IMO the problem can be best explained with a classroom experiment, almost like a magic trick. It is a built in human intuition which is at odds with the reality of randomness.

Split your class into 2. Give half A the players dice and a piece of paper. Give other half B just a piece of paper. Half B plays with imaginary dice, Half A with real dice. Everyone records 20 games of a piece of paper. You hand in the papers and the demonstrator (or maybe a new one that hasn't been in the class, for extra theatrics) looks at the papers. He will accurately place them into separate piles.

The trick is that fake randomness and real randomness are different enough that they are distinguishable with a high level of accuracy. Real dice will roll the same number in a row far more often than fake dice. The more games you play, the more accurately they can be distinguished.

You can look at the formulas to figure out the odds of rolling the same number 4 times in 100 rolls, but it doesn't drive home the message that your intuition is broken until you see intuition being beaten consistently and reliably by a better tool. It's fun too.

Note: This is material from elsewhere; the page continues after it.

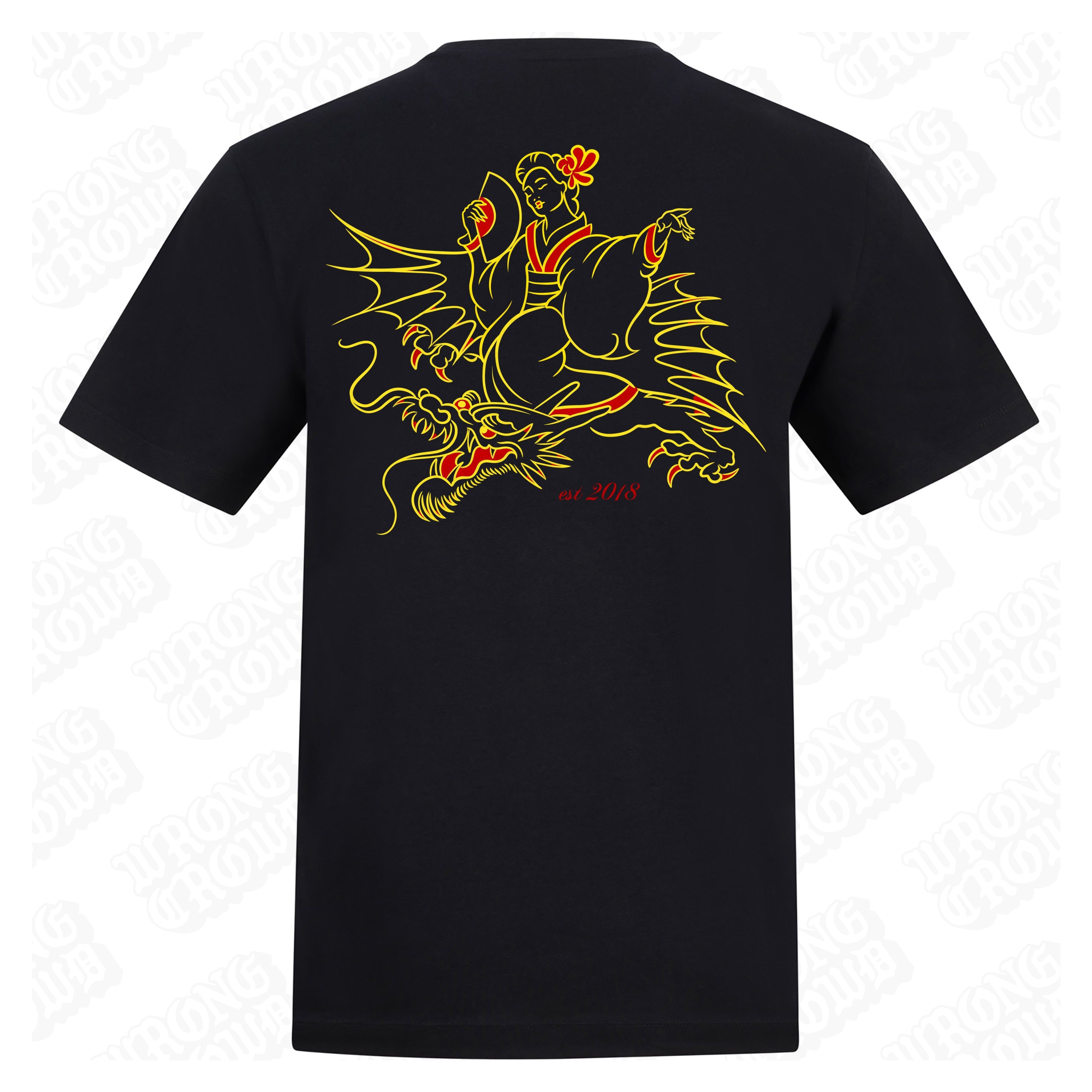 Kustom Creations | Regular Fit Black T-Shirt - Wrong Crowd Artist merch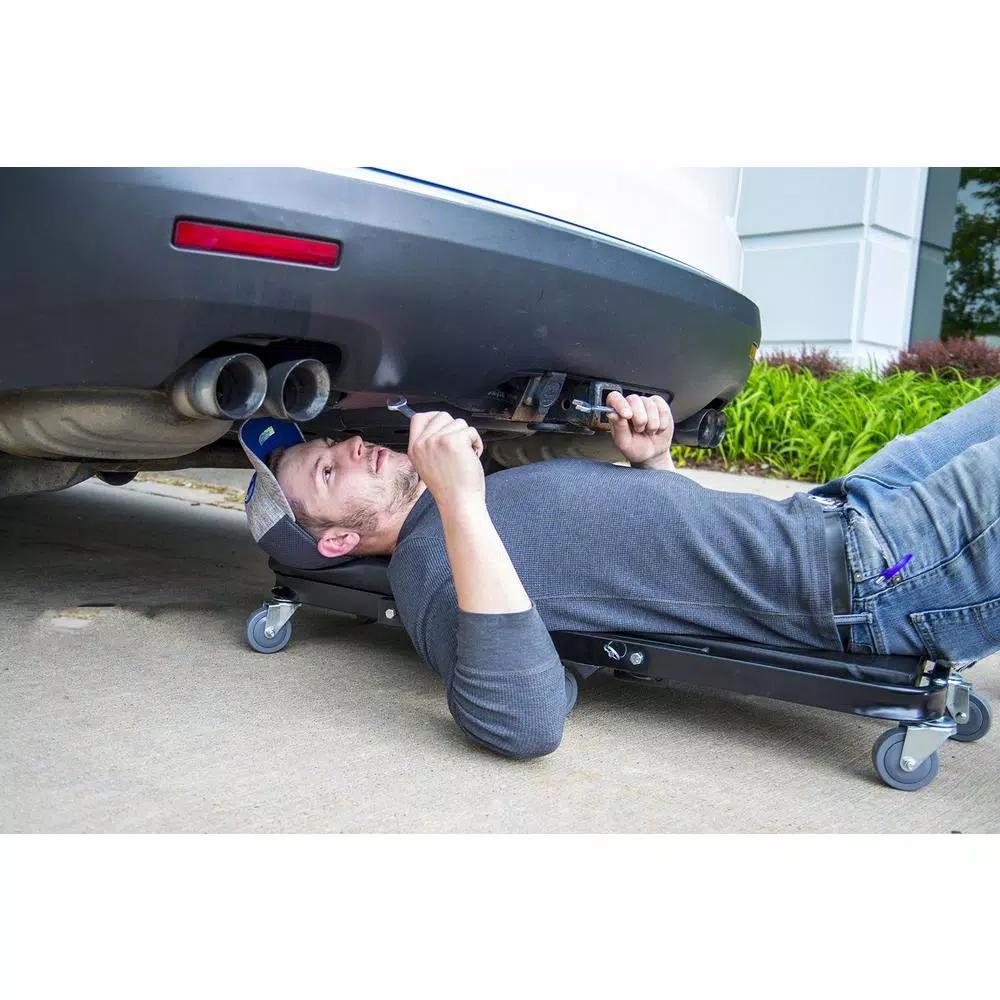Pro-Lift Pro Lift C-9100 2-in-1 Mechanic Creeper and Z-Shape Seat, 450 lb. Capacity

Last year I wrote a short Python script to easily visualize that kind of effect: https://github.com/ncanceill/alea_jacta_lib

You are referring to the common mistake of confusing randomness and uniformity.

Your players are thinking: "Dice rolls are equiprobable, so I should roll evenly-distributed results." That only starts being true after a great number of rolls.

Random distributions will be uneven and present clumps, strands and voids. For the same reason, during WWII, British intelligence thought that the Germans were bombing specific targets in London, while they were just dropping bombs at random.

Source recently posted on HN: http://www.wired.com/wiredscience/2012/12/what-does-randomne...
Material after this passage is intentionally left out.